** Required action **
The full listing, copied exactly and free of pictures, is the expected reply.

** Exercise data **
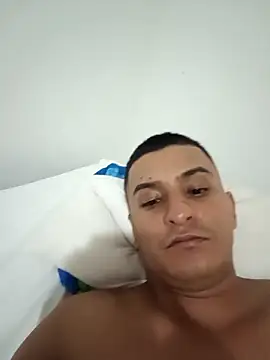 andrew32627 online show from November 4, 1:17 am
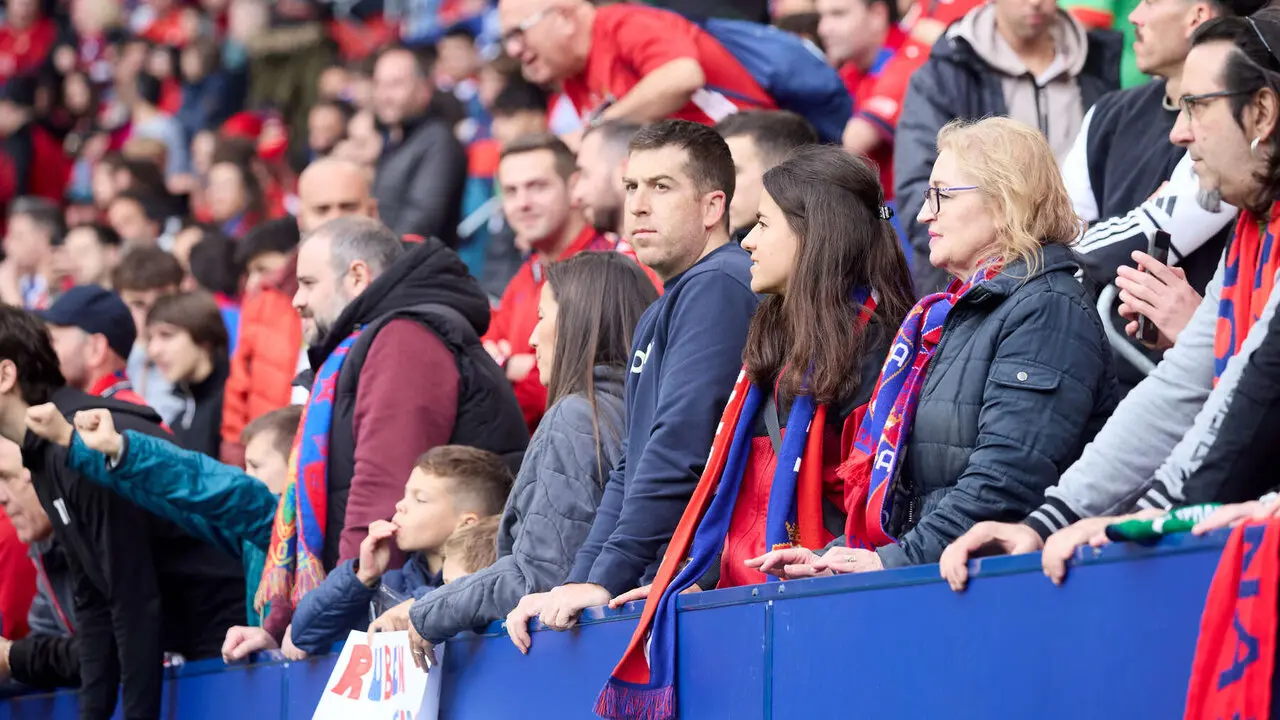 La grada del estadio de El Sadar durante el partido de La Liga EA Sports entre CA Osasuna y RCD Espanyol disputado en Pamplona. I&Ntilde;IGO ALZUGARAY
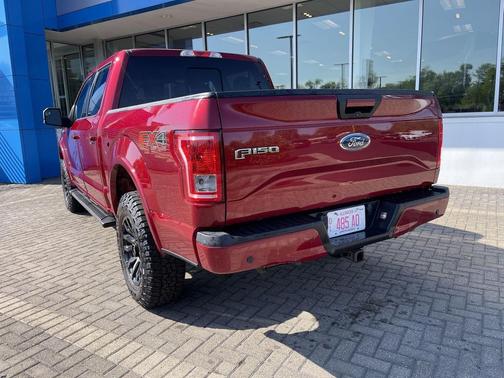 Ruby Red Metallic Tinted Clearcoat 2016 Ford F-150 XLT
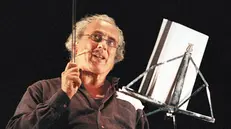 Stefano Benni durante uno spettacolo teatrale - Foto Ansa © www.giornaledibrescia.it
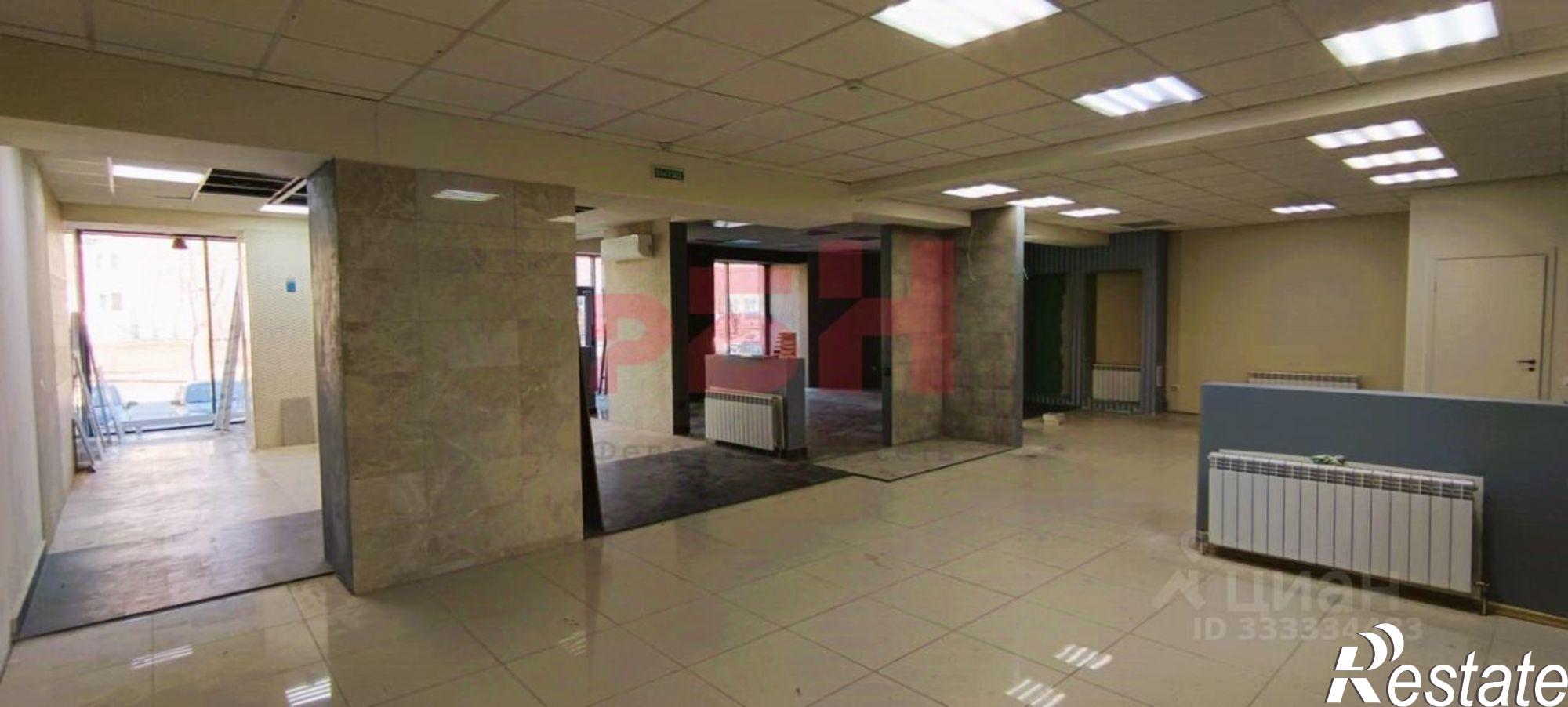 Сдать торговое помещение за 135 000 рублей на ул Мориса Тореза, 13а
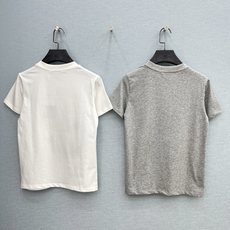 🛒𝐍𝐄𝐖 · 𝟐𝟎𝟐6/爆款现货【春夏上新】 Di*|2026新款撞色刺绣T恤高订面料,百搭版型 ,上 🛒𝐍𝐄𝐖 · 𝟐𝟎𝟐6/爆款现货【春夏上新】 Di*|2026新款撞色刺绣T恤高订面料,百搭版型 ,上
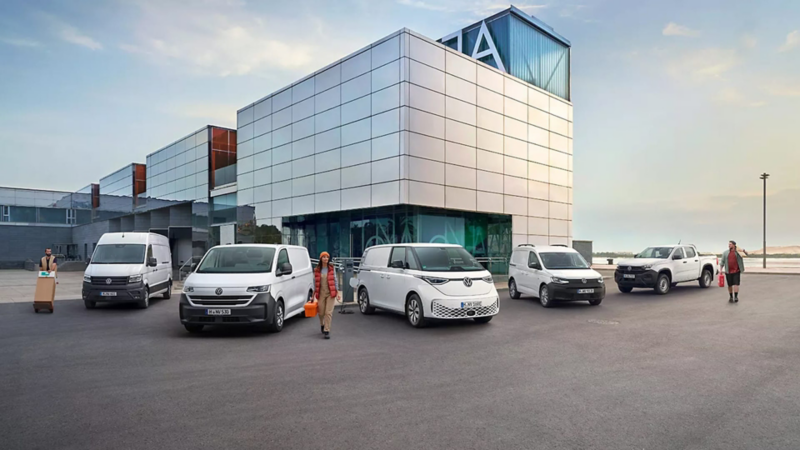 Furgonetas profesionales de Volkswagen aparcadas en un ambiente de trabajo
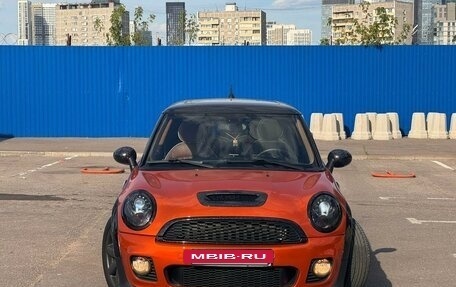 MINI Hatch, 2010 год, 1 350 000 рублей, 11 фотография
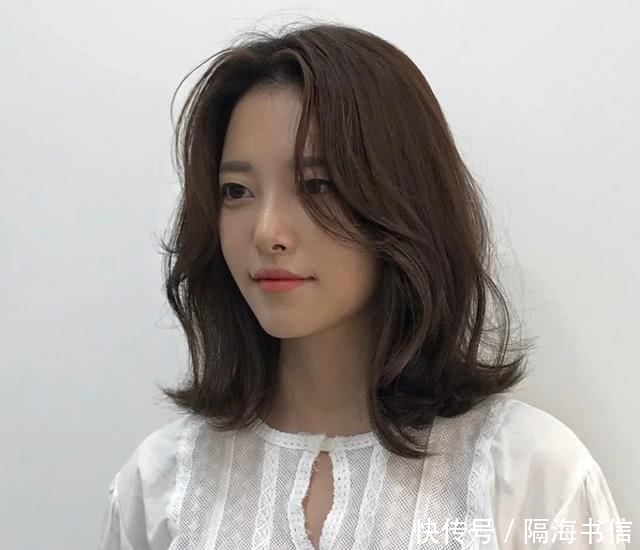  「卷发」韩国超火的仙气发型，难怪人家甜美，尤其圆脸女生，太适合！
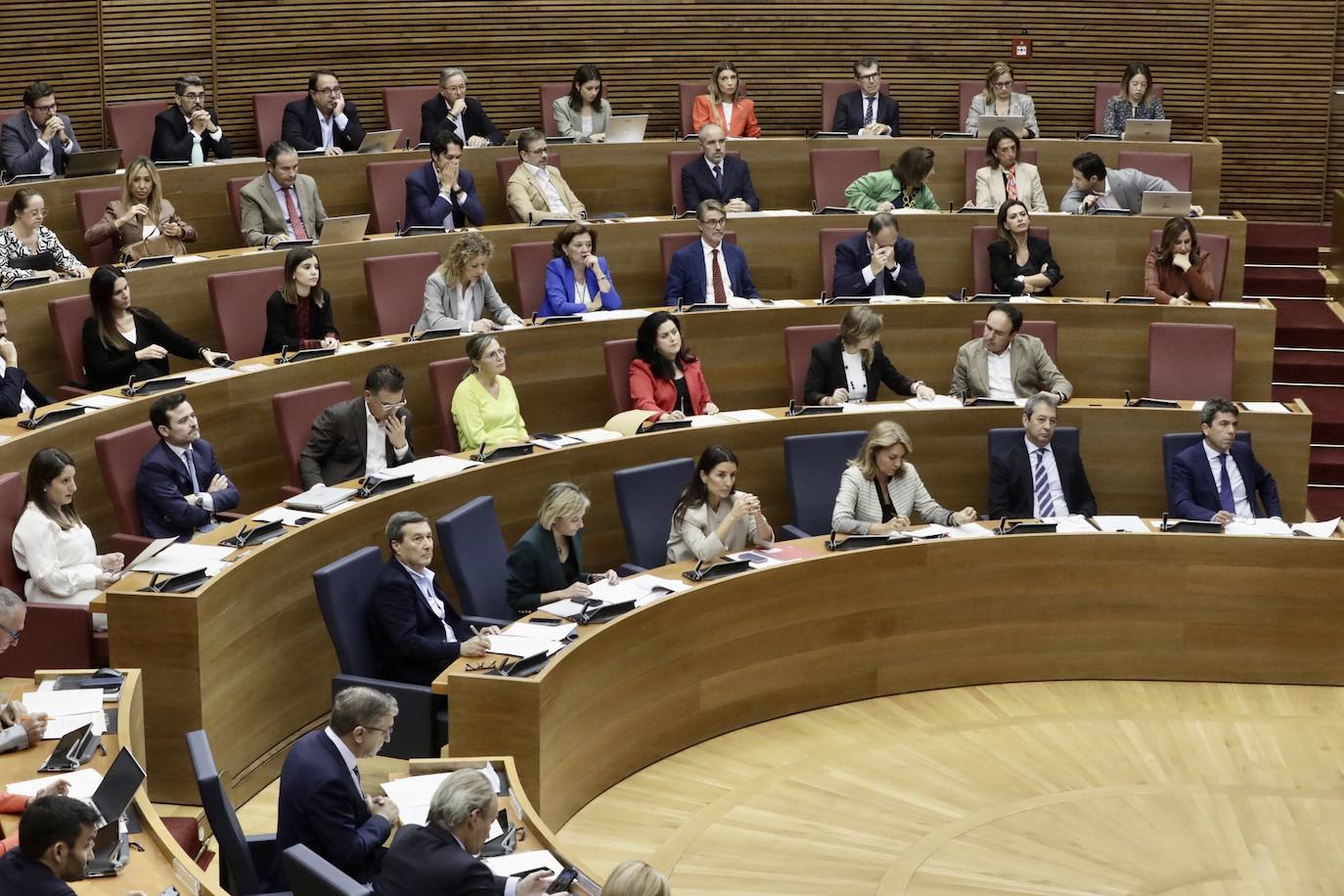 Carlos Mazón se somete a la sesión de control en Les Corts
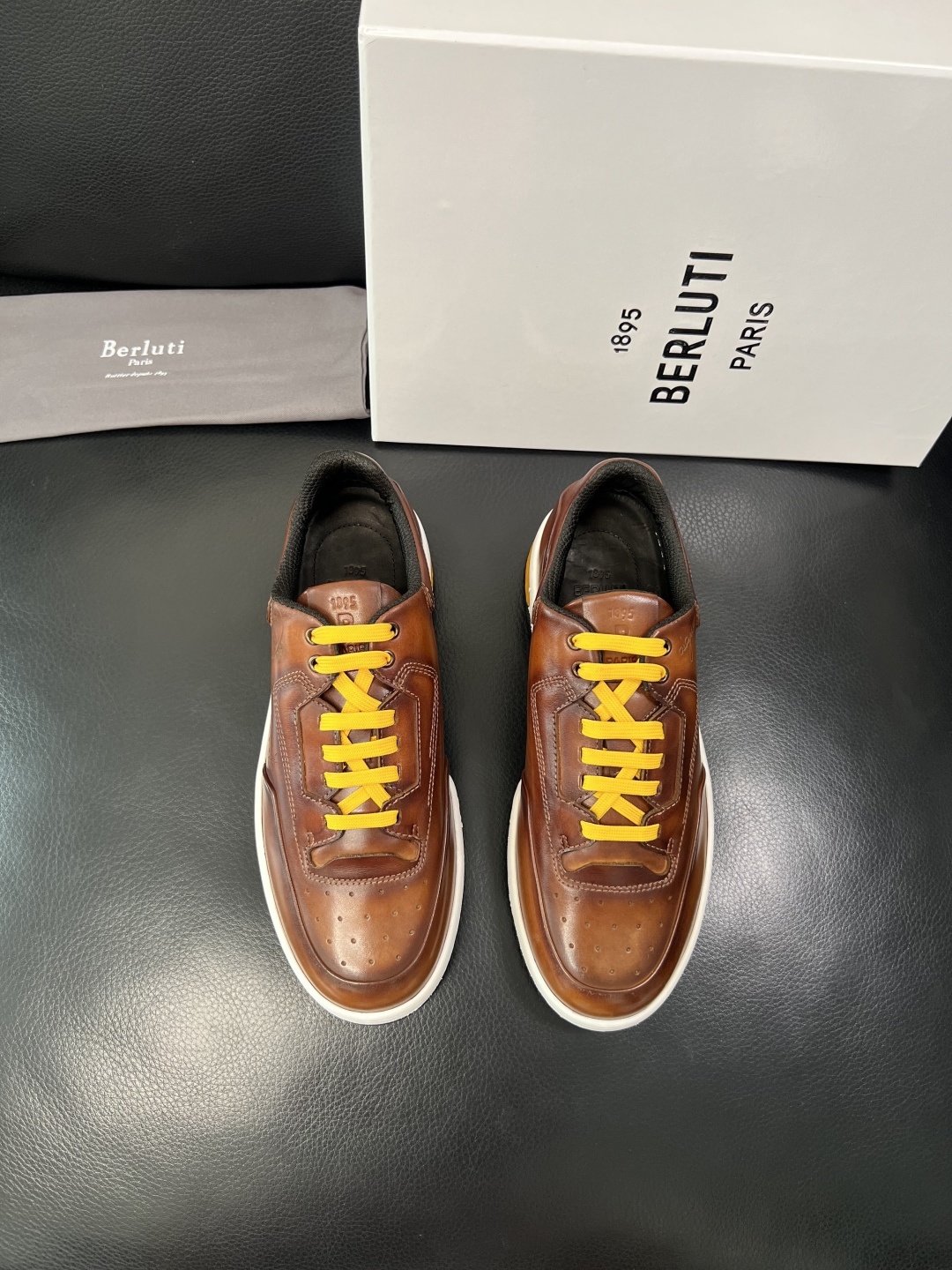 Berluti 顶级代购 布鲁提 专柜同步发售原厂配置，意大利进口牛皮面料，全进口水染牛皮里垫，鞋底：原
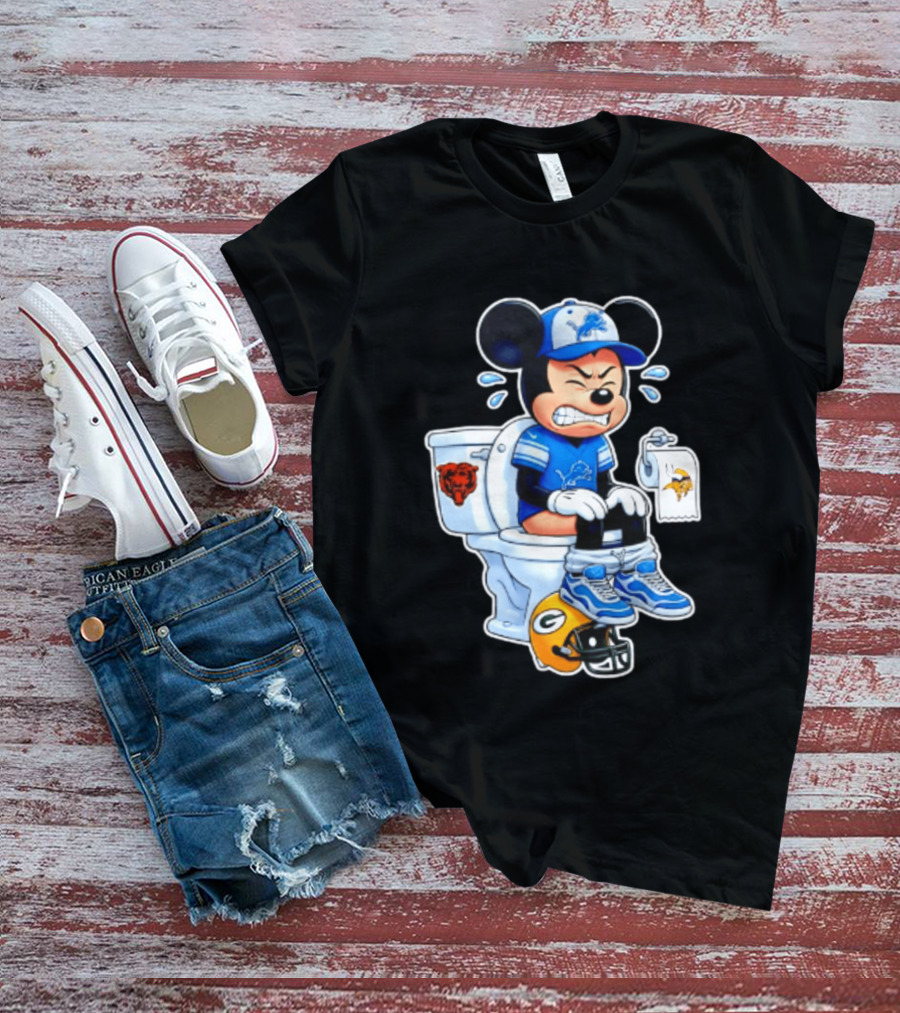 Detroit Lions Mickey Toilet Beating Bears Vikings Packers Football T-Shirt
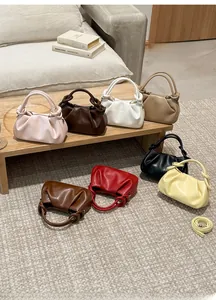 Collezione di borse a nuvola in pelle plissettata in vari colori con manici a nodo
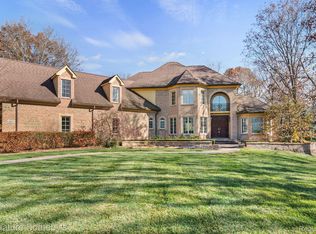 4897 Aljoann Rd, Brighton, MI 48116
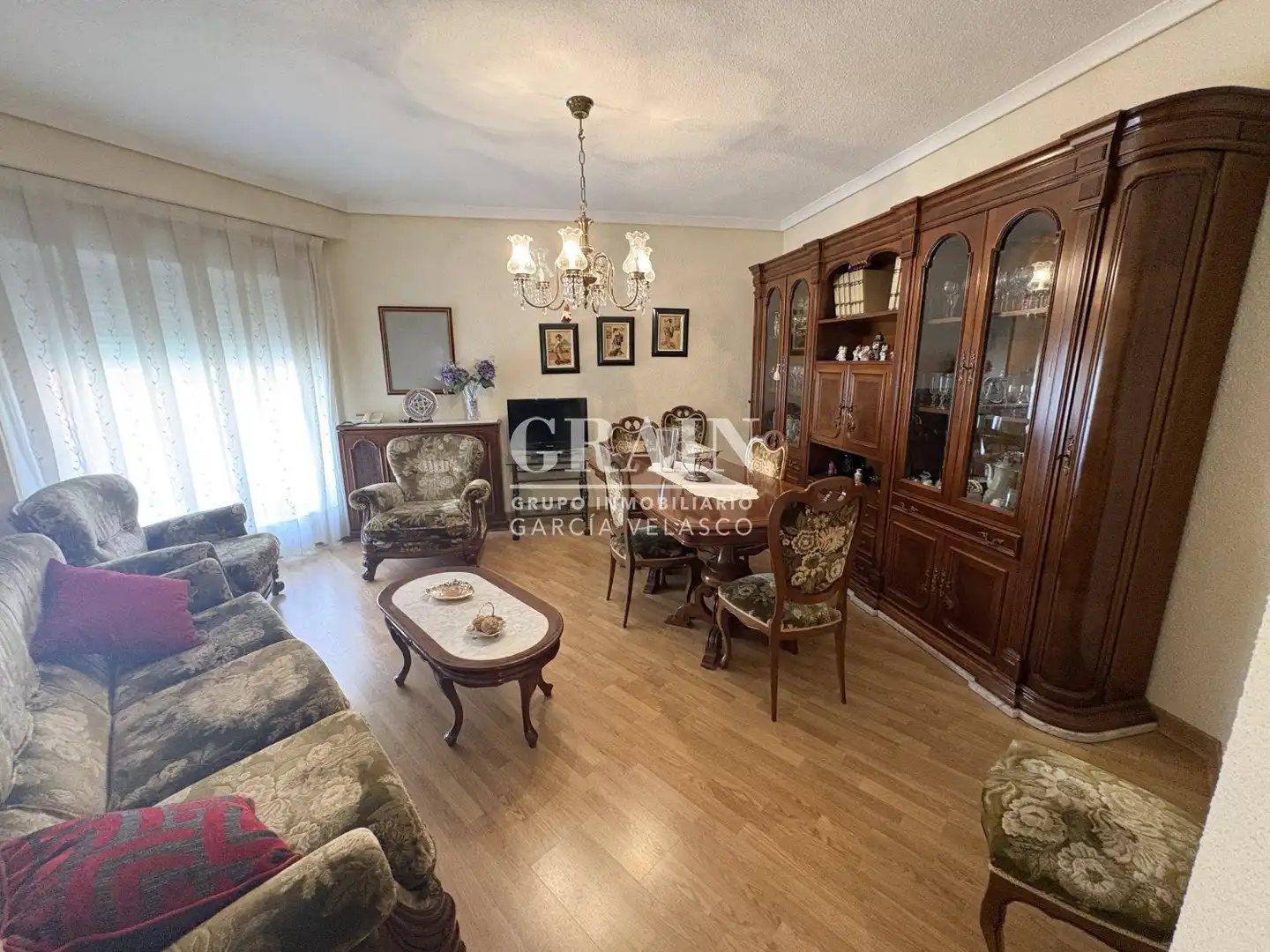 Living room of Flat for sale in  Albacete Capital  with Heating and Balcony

** Problem solution **
 andrew32627 online show from November 4, 1:17 am
 La grada del estadio de El Sadar durante el partido de La Liga EA Sports entre CA Osasuna y RCD Espanyol disputado en Pamplona. I&Ntilde;IGO ALZUGARAY
 Ruby Red Metallic Tinted Clearcoat 2016 Ford F-150 XLT
 Stefano Benni durante uno spettacolo teatrale - Foto Ansa © www.giornaledibrescia.it
 Сдать торговое помещение за 135 000 рублей на ул Мориса Тореза, 13а
 🛒𝐍𝐄𝐖 · 𝟐𝟎𝟐6/爆款现货【春夏上新】 Di*|2026新款撞色刺绣T恤高订面料,百搭版型 ,上 🛒𝐍𝐄𝐖 · 𝟐𝟎𝟐6/爆款现货【春夏上新】 Di*|2026新款撞色刺绣T恤高订面料,百搭版型 ,上
 Furgonetas profesionales de Volkswagen aparcadas en un ambiente de trabajo
 MINI Hatch, 2010 год, 1 350 000 рублей, 11 фотография
  「卷发」韩国超火的仙气发型，难怪人家甜美，尤其圆脸女生，太适合！
 Carlos Mazón se somete a la sesión de control en Les Corts
 Berluti 顶级代购 布鲁提 专柜同步发售原厂配置，意大利进口牛皮面料，全进口水染牛皮里垫，鞋底：原
 Detroit Lions Mickey Toilet Beating Bears Vikings Packers Football T-Shirt
 Collezione di borse a nuvola in pelle plissettata in vari colori con manici a nodo
 4897 Aljoann Rd, Brighton, MI 48116
 Living room of Flat for sale in  Albacete Capital  with Heating and Balcony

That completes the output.